You may also be interested in: Item Response Theory - Applications and TestReliability:
Absolute and relative reliability: We can approach the problem of the reliability of a test in two different ways, although basically they coincide.
Reliability and inaccuracy of its measurements: When a subject responds to a test, he obtains an empirical score, which is affected by an error. If there were no errors, the subject would get his true score. The test is imprecise because the empirical score does not match the true true score. This difference between the two scores is the sampling error, the measurement error. The standard measurement error will be the standard deviation of the measurement errors. The typical measurement error indicates the absolute precision of the test, since it allows estimating the difference between the measurement obtained and the one that would be obtained if there were no error.
Reliability and stability of measurements: A test will be more reliable the more constant or stable the results it provides are maintained when repeated. The more stable the results are on two occasions, the greater the correlation between them. This correlation is called the reliability coefficient. This tells us, not the amount of the error, but the consistency of the test with itself and the consistency of the information it offers. The reliability coefficient expresses the relative reliability of the test.
The reliability coefficient and the reliability index: - The reliability coefficient of a test is the correlation of the test with itself, obtained for example, in two parallel ways: rxx. - The precision index is the correlation between the empirical scores of a test and its true scores: rxv The precision index will always be greater than the reliability coefficient To find out the reliability coefficient, these three classic methods are worth highlighting:
- Find the correlation between the test and its repetition: The repetition method or test-retest method: It consists of applying the same test to the same group on two occasions and the correlation between the two series of scores is calculated. This correlation is the reliability coefficient. This method usually gives a higher reliability coefficient than those obtained by other procedures, and may be contaminated by disturbing factors.
- Find the correlation between two parallel forms of the test: The method of parallel forms: Two parallel forms of the same test are prepared, that is, two equivalent forms that give the same information, and are applied to the same group of subjects. The correlation between the two forms is the reliability coefficient. With this method, by not repeating the same test, disturbing sources of retest reliability are avoided.
- Find the correlation between two parallel halves of the test: The two halves method: The test is divided into two equivalent halves and the correlation between them is found. It is the preferred method, as it is simple and avoids the limitations of the previous procedures. You can choose the odd elements of the test, to constitute one half, and the even elements to constitute the other.

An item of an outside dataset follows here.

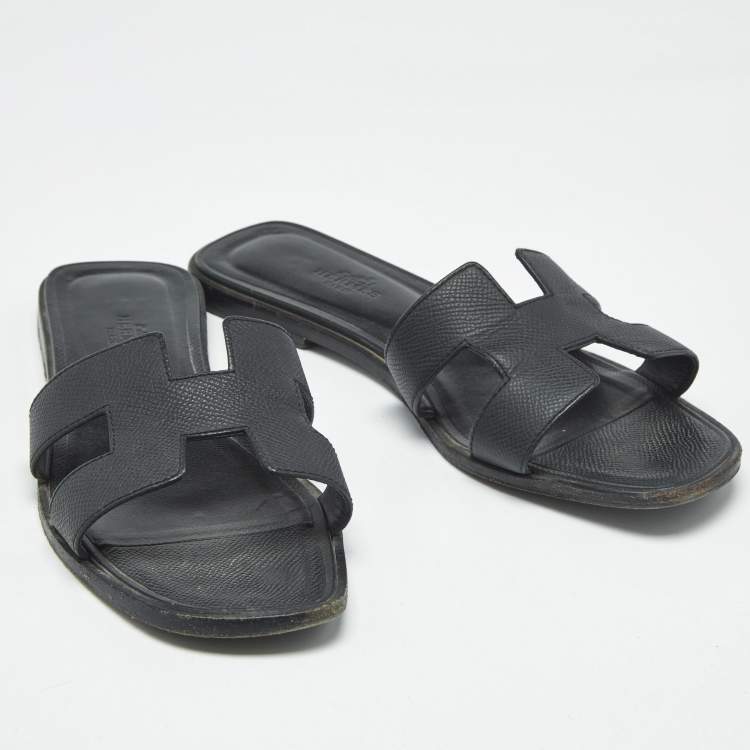 Pre Owned Hermes Black Leather Oran Flat Slide Sandals Size 38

The reliability coefficient and the correlation between parallel tests
The reliability coefficient of a test indicates the proportion that the true variance is of the empirical variance: graph33 The reliability coefficient of a test varies between 0 and 1. For example: if the correlation between two parallel tests is rxx '= 0'80, it means that 80% of the variance of the test is due to the true measure, and the rest, that is, 20% of the variance of the test is due to error. The reliability index of a test is the correlation between its empirical scores and its true scores Reliability index = The reliability index is equal to the square root of the reliability coefficient
Once two parallel forms of a test have been developed, the analysis of variance procedure is applied to check the homogeneity of the variances and the difference between the measures. If the variances are homogeneous, the difference between the means is not significant and the two forms are constructed with the same number of elements of the same type and psychological content, it can be said that they are parallel. If not, you have to reform them until they are. The lack of reliability is identified with the value rxx´ = 0 4.- The typical measurement error: The difference between the empirical score and the true one is the random error, called the measurement error. The standard deviation of the measurement errors is called the standard measurement error. The standard error of measurement allows estimating the absolute reliability of the test, that is, estimating how much measurement error affects a score.

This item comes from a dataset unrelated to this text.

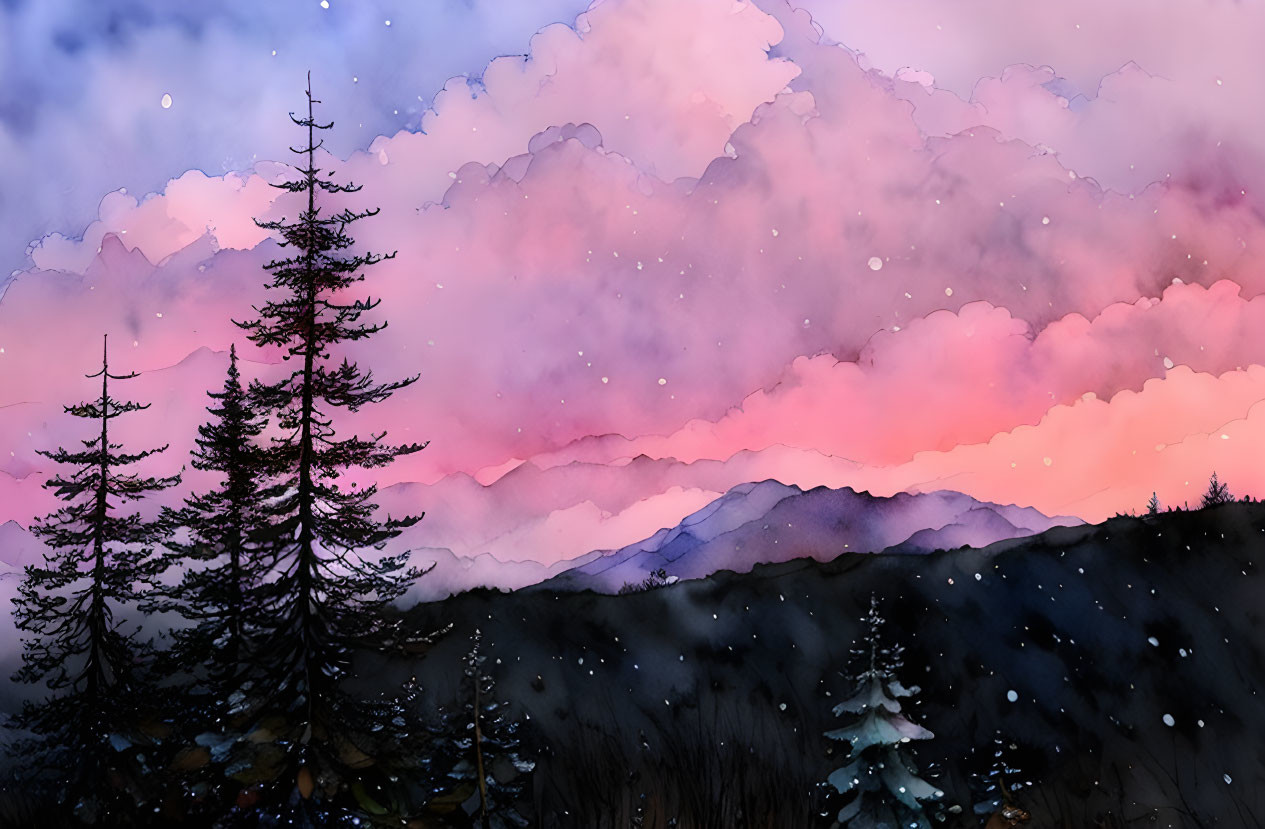 Scenic watercolor landscape with pine trees, mountains, pink and blue sky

Reliability and length: The length of the test refers to the number of its elements. Its reliability depends on this length. If a test consists of three elements, a subject may obtain a score of 1 on one occasion and a score of
From one occasion to another, the score has varied by one point; one point out of three is a 33% variation, a high variation. If the subjects obtain random variations of this type, the correlation of the test with itself or that of the two parallel forms of the test will be greatly lowered and cannot be high. If the test is much longer, if it has, for example, 100 elements, a subject can obtain 70 points on one occasion and 67 in a parallel way. From one time to another it has varied 3 points; it is a relatively small variance in relation to the total test, specifically 3%. These small accidental alterations of this magnitude, which occur in the scores of the subjects, when passing from one form to the parallel, are relatively unimportant and will not decrease the correlation between the two as much as before.

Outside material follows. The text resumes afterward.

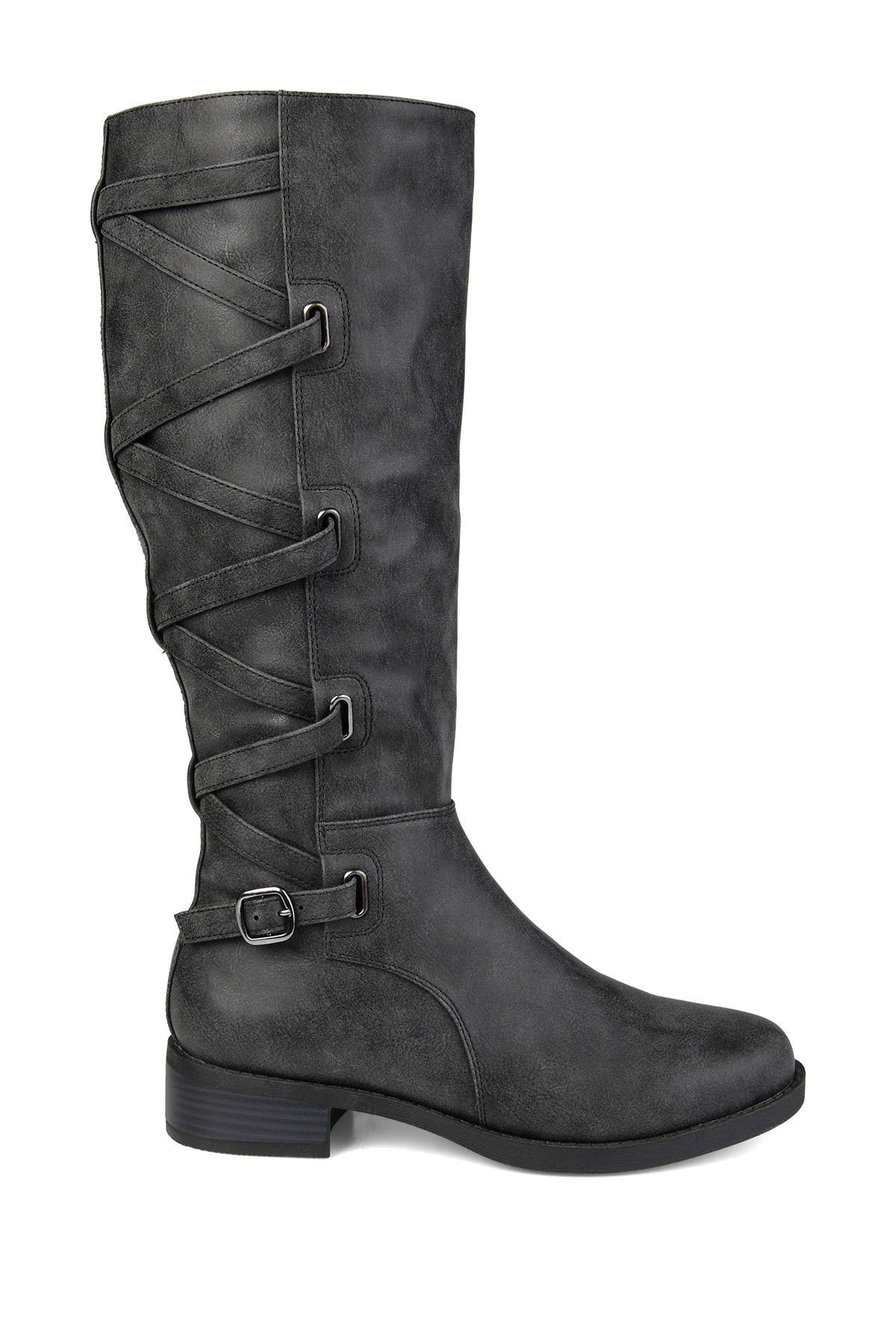 wide calf lace up back boots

The reliability coefficient will be much higher than in the previous case. The Spearman-Brown equation expresses the relationship between reliability and length. The precision of a test is null when the length is 0, and it increases as the length increases. Although the increase is relatively less as the length of the part is greater. This means that the precision grows a lot in the beginning and relatively less afterwards. When the length tends to infinity, the reliability coefficient tends to
As the length of a test increases, its precision increases because the true variance increases at a higher rate than the error variance. This means that the precision of the test increases because the proportion of variance due to the error decreases. The Rulon formula, as well as the Flanagan and Guttman formula, are especially applicable when calculating the reliability coefficient by the two-halves method. These are formulas used to calculate the reliability coefficient.
Reliability and consistency: The reliability coefficient can also be found in another way, it is the so-called alpha coefficient or coefficient of generalizability or representativeness (Cronbach). This alpha coefficient indicates the precision with which some items measure an aspect of personality or behavior. It can be interpreted as: An estimate of the mean correlation of all possible items in a certain aspect. A measure of the precision of the test as a function of its coherence or internal consistency (interrelation between its elements; to what extent the elements of the test are all measuring the same thing) and of its length. Indicating the representativeness of the test, that is, the amount in which the sample of items that composes it is representative of the population of possible items of the same type and psychological content. The alpha coefficient It mainly reflects two basic concepts in the precision of a test: 1. The interrelation between its elements: the extent to which they all measure the same thing well.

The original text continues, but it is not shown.